All’inizio degli anni '90 Deng Xiaoping aveva proclamato che " le Terre rare sono alla Cina quello che il Petrolio é per il Medio-Oriente. ", ed attualmente nessuna delle grandi multinazionali, da Philips a Siemens, da Toyota a Nokia, a Hewlett Packard a Apple, fino a Sony e Canon, può produrre i propri beni più preziosi senza rifornirsi dalla Cina.

ùLe stime dicono che il 12% dei giacimenti è negli Stati Uniti, il 18% nell’ex Unione Sovietica, quantitativi minori sono sparsi in molti altri paesi e, a seconda delle stime, fra il 37% e il 58% risiede in Cina. Troviamo anche molte miniere in Afghanistan, ma i costi di estrazione delle terre rare è molto oneroso e non concorrenziale con quello cinese che le vende in tutto il mondo ad un prezzo decisamente basso. Ma già dal 2009 la Cina ha diminuito in modo drastico le esportazioni delle terre rare, dicendo che deve preservarle per ragioni ambientali e per le proprie esigenze.
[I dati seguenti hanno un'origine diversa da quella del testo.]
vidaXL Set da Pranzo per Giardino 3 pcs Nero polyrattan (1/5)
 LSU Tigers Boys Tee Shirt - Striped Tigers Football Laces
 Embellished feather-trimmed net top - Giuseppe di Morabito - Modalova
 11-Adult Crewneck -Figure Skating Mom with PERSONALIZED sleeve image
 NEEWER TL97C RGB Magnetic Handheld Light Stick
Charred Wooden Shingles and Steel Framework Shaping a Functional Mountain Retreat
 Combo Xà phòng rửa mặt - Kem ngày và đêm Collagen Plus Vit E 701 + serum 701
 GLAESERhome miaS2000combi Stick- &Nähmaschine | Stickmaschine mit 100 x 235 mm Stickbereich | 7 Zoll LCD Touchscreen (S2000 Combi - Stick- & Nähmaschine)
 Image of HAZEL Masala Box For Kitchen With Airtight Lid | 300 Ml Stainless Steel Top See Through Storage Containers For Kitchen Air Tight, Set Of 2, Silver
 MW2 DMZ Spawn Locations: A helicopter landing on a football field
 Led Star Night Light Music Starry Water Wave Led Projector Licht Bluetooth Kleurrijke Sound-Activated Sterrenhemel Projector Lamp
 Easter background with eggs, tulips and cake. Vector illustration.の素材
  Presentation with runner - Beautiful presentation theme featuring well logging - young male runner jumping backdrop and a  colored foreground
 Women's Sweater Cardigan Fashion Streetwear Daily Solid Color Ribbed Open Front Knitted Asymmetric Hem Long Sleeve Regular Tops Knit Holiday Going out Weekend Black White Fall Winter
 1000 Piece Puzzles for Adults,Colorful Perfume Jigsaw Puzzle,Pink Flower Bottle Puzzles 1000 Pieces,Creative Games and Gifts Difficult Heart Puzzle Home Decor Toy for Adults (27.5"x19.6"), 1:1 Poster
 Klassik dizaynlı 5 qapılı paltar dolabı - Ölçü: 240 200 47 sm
Per il 2011 la Cina ha già annunciato una ulteriore riduzione delle esportazioni. La notizia preoccupa le industrie di alta tecnologia, in particolare il Giappone verso il quale Pechino ha persino bloccato l’esportazione a settembre durante una disputa per la sovranità su un gruppo di isole. Ora Tokyo progetta di creare un riciclaggio delle terre rare, come pure di cercare loro sostituti. Stati Uniti, Australia e altri produttori avevano fermato l’estrazione perché non redditizia, di fronte all’economica produzione cinese. Ma ora è ripresa la ricerca e l’estrazione di questi minerali, anche se occorrerà tempo per raggiungere una produzione adeguata.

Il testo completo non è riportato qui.